From the above facts this court is, in my opinion, obliged to hold that Colonel Rogers is individually liable on the contract he signed. “An agent ... if he contracts as agent for an undisclosed principal, will be personally liable unless there is a mutual intention of the parties to the contrary. ” 3 C.J.S., Agency § 369, (1973). One who assumes to act as agent for a nonexistent principal or one having no legal status renders himself individually liable in contracts so made. Don Swann Sales Corp. v. Echols, 160 Ga. App. 539, 287 S. E. (2d) 577 (1981); Bulova Watch Co. v. Roberts Jewelers of Rock Hill, Inc., 240 S. C. 280, 125 S. E. (2d) 643 (1962).
Additionally, I submit, this court should hold that Rogers is not only liable individually but also, that, by his conduct, Rogers bound his co-defendants Marshall and Taylor, who, after the institution of this action, disclosed themselves to be his partners.
Section 33-41-350, South Carolina Code of Laws, 1976, is as follows:
When, by any wrongful act or omission of any partner acting in the ordinary course of the business of the partnership or with the authority of his copartners, loss or *541injury is cause to any person, not being a partner in the partnership, or any penalty is incurred, the partnership is liable therefor to the same extent as the partner so acting or omitting to act.
Section 33-41-370(1) South Carolina Code of Laws, 1976, is as follows:
All partners are liable: (1) Jointly and severally for everything chargeable to the partnership under §§ 33-41-350 and 33-41-360. (Emphasis ours.)
A breach of contract is considered a “wrongful act” in contract law.

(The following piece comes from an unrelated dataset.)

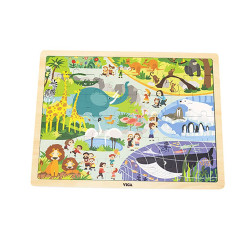 Viga Detské drevené puzzle Viga Zoo 48 ks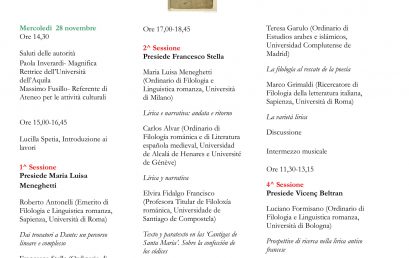 Convegno La lirica nel/del medioevo: esperienze di filologi a confronto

Matter of Chiappinelli-Marx, Inc., 32 Misc. (2d) 621, 223 N.Y.S. (2d) 943 (1961). Additionally, the quoted misrepresentations by Colonel Rogers are obviously wrongful acts.
Thus, I submit, Colonel Rogers bound his newly disclosed partners by his wrongful acts which injured Mr. Broom.
The writer of this opinion is deeply concerned that Mr. Broom invested his life savings in the subject house. The jury found that he had suffered $30,000 damages. Whether Mr. Broom dealt with a partnership is the very issue made by the pleadings, submitted to the jury and resolved by the jury in favor of Mr. Broom. I would not divest the jury of their prerogative in deciding this issue of fact.
I would affirm.
As the house was being constructed, Mr. Broom and his lending institution made all checks payable to Columbia Architectural Group, Inc. (originally a defendant in this case). These checks, amounting to fifty odd thousands of dollars, were accepted by Colonel Rogers.
Prom an affidavit attached to this complaint, the majority opinion draws strained conclusions. In the affidavit, Mr. Broom uses the word “partners,” clearly meaning associates. He filed the complaint against C.A.G. Investment, Inc. and in the attached affidavit referred to the supposed owners of the corporation as partners.